▼
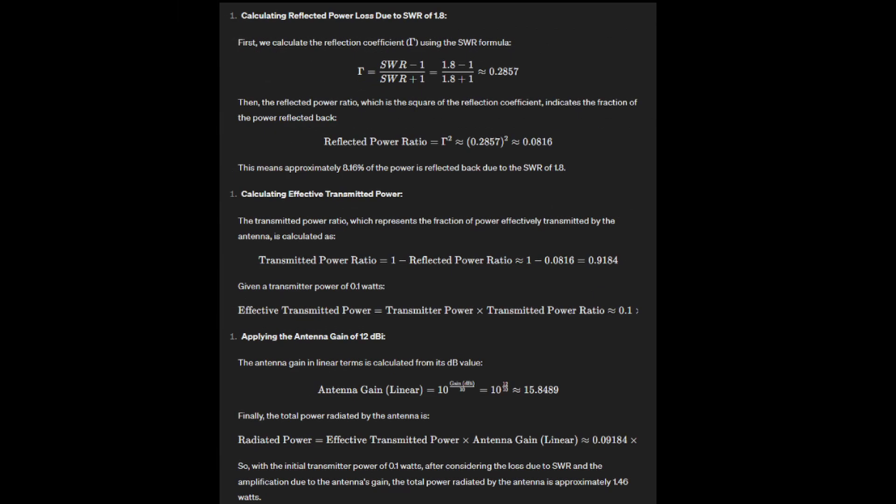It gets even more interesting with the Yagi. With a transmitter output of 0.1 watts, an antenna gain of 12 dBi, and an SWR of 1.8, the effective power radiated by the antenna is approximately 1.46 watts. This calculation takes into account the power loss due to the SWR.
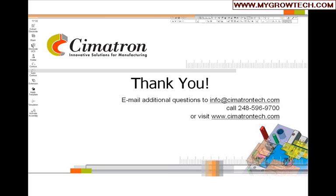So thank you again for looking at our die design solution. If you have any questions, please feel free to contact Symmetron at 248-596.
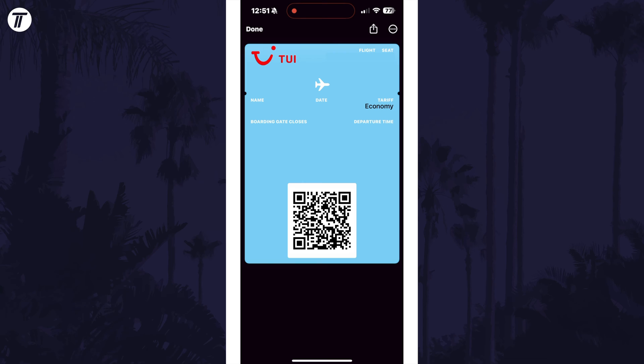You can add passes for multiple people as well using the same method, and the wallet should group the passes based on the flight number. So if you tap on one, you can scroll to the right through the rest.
▲
*Exercise brief*:
Word for word, output the whole listing, but not its pictures.

*Solution*:
It gets even more interesting with the Yagi. With a transmitter output of 0.1 watts, an antenna gain of 12 dBi, and an SWR of 1.8, the effective power radiated by the antenna is approximately 1.46 watts. This calculation takes into account the power loss due to the SWR.
So thank you again for looking at our die design solution. If you have any questions, please feel free to contact Symmetron at 248-596.
You can add passes for multiple people as well using the same method, and the wallet should group the passes based on the flight number. So if you tap on one, you can scroll to the right through the rest.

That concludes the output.